# How to perform mixed precsion on single F.linear?

Dear Community,

I was wondering whether I can further reduce memory consumption on a specific operation that I identified that is using a lot of memory. I noticed that 1) the A and B matrix both as float.32 and 2) the resulting coefficients c also float.32, lead to rather large memory usage.

While I can manually cast A and B to float.16 so that the resulting coefficients c are also float.16, leading to quite reduced memory constraint, I was wondering whether it is possible to use mixed precision instead of manually casting the tensors to float.16 ?

I am not sure whether this is necessary, since we dont need gradients on A and B but on the coefficients c.

This is my code:

``````self.A = torch.from_numpy(GBTA).to(device, dtype=torch.float16).requires_grad_(False)
c_t = F.linear(c_t.half(), self.A[t].half()) + self.B[t].squeeze(-1) * input
``````

I am not sure how to wrap gad scalar into this, as we already do auto-cast mixed precision and pass the scalar from gradscalar into the training function:

`````` scaler = GradScaler()
train_loss, train_class_acc, train_noobj_acc, train_obj_acc = (
trainholov4_enas_vid_bptt(
device,
model,
optimizer,
scheduler,
loss_f,
scaled_anchors,
scaler,
conf_thresh=0.8,
mode="ciou",
target_batch_size=args.target_batch_size,
ngpus=args.ngpus,
)
)
``````

So it may not be needed to add gad scalar and maybe something like this would just work ?

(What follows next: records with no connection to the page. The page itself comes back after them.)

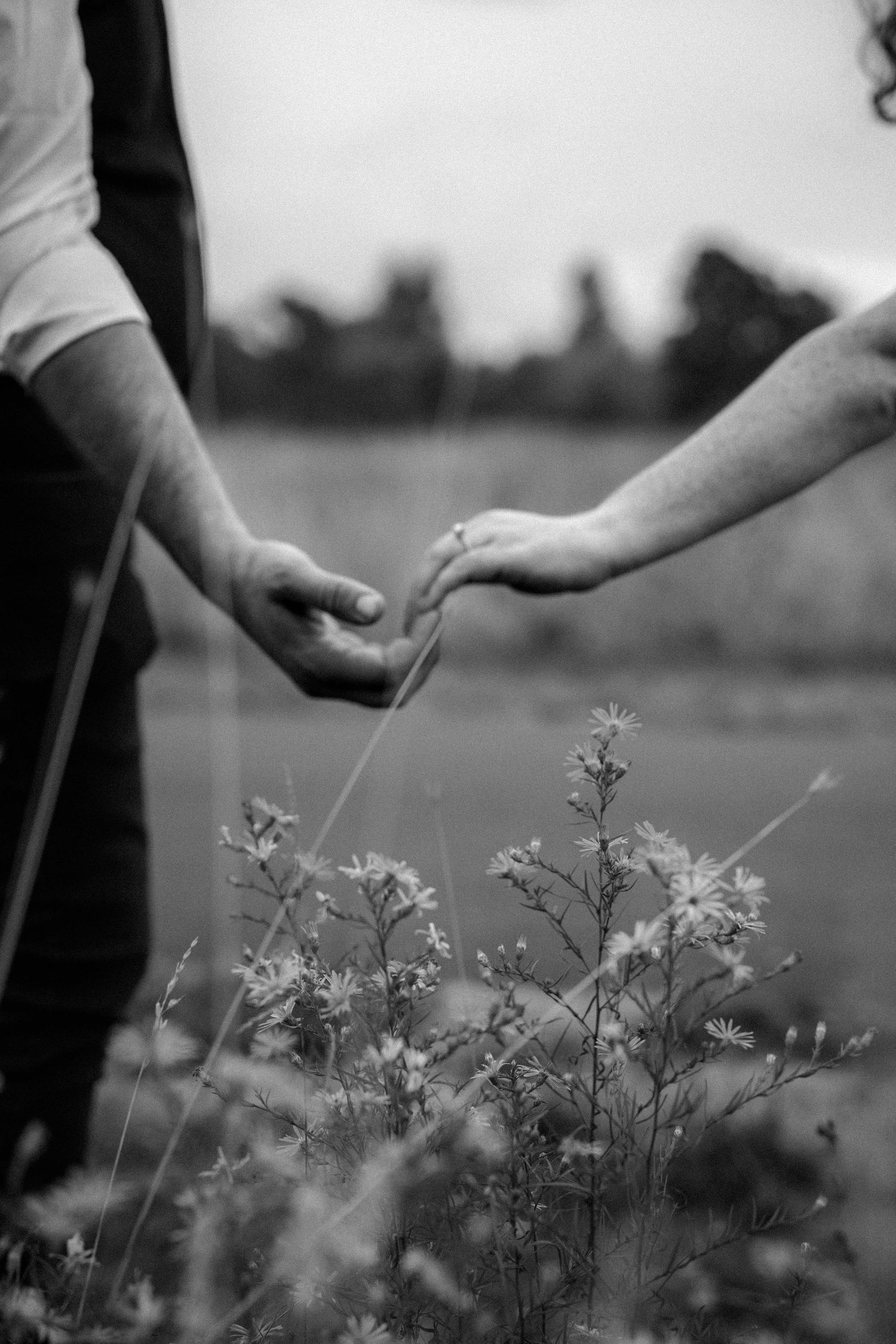 Black and white romantic photo of a couple gently holding hands above wildflowers blooming in a field.
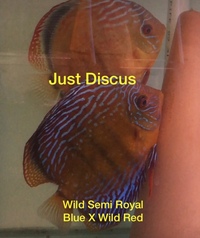 JUST DISCUS BUY 5 GET 1 FREE from ONLY £32 @3-3.5” and thousands of top quality Discus to choose from and the biggest selection in the U.K. Cheapest prices guaranteed.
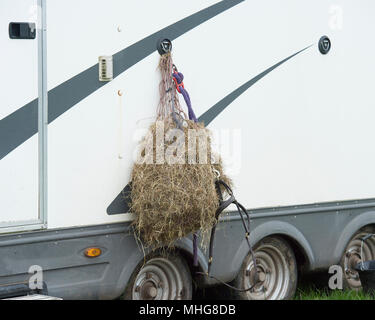 Haynet auf einem Pferd box Stockfoto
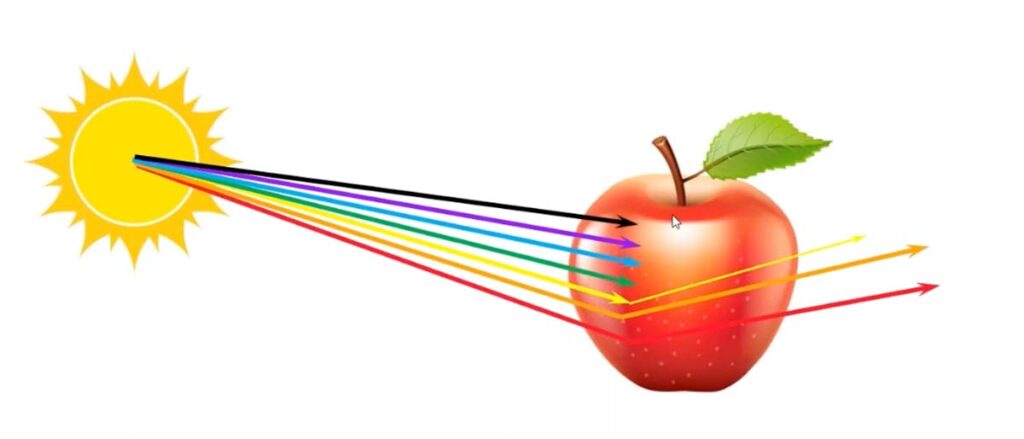 Illustration of light spectrum. 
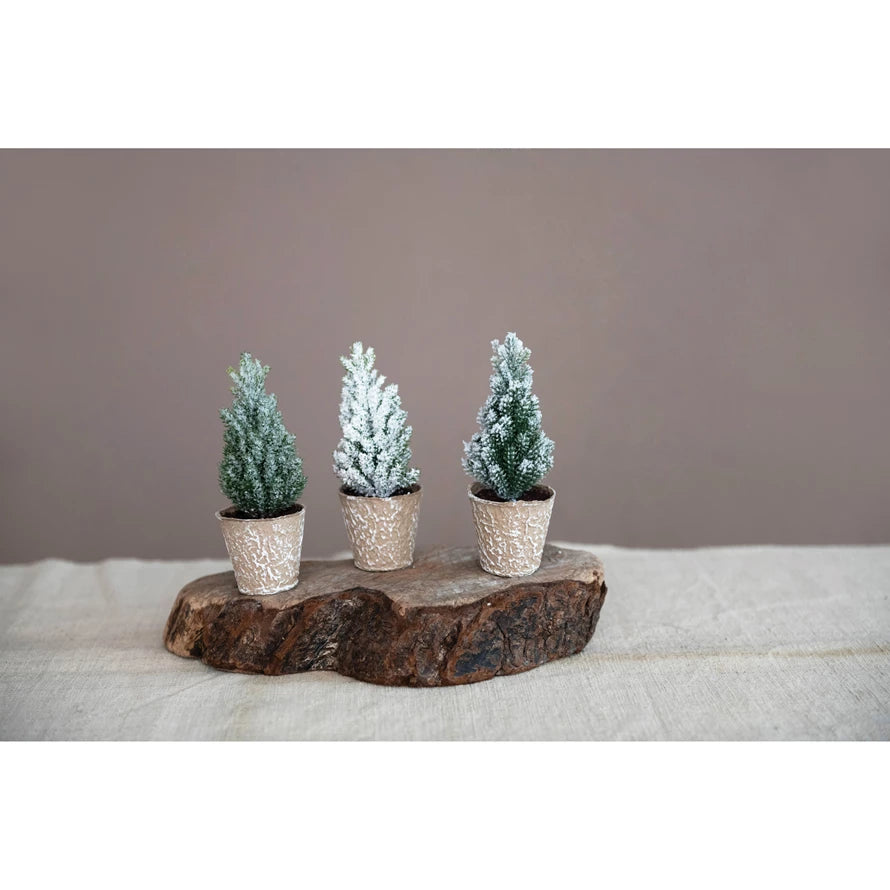 Snowy Pine Tree in Paper Pots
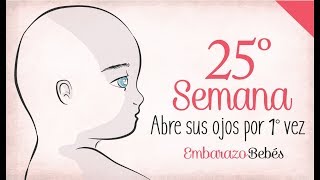 SEMANA 25 de Embarazo  6º Mes  Semana a semana [upl. by Landy445]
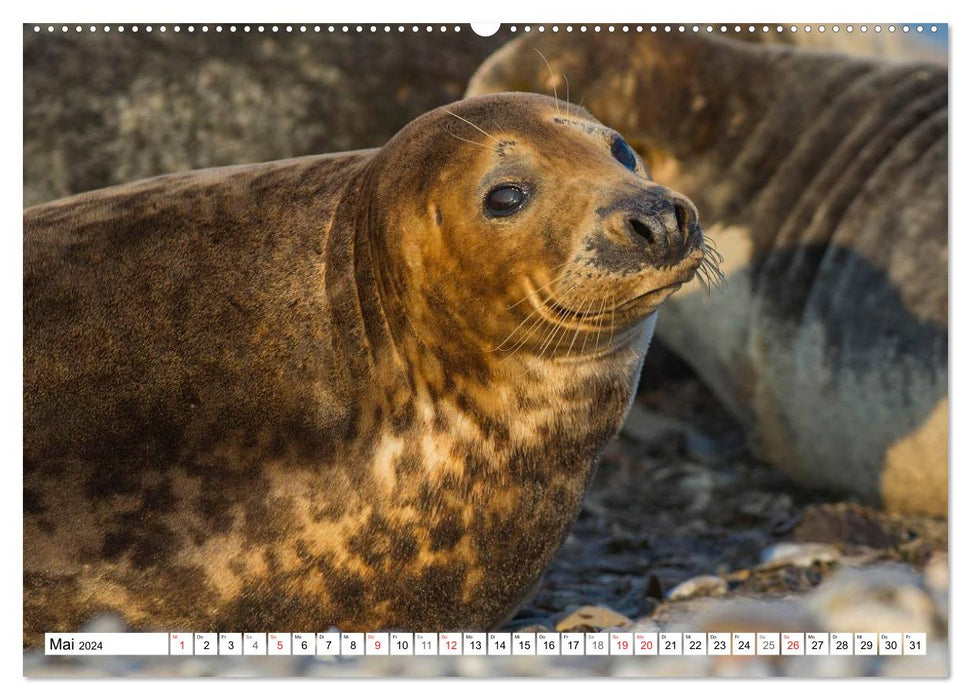 Kegelrobben hautnah (CALVENDO Wandkalender 2024)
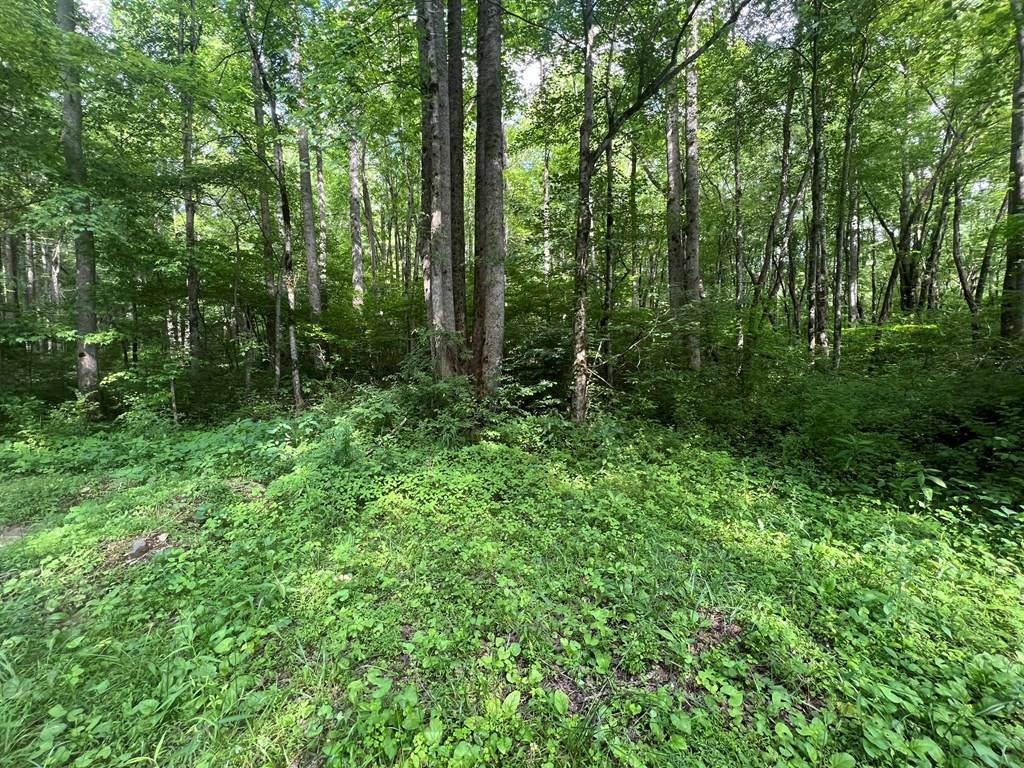 Andrews, NC 28901,Lot 8 Collett Creek Road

``````self.A = torch.from_numpy(GBTA).to(device, dtype=torch.float16).requires_grad_(False)
with autocast():
c_t = F.linear(c_t.half(), self.A[t].half()) + self.B[t].squeeze(-1) * input
``````

The casts should not be needed when `autocast` is used. Do you see a different behavior and memory usage between `autocast` and the explicit transformations?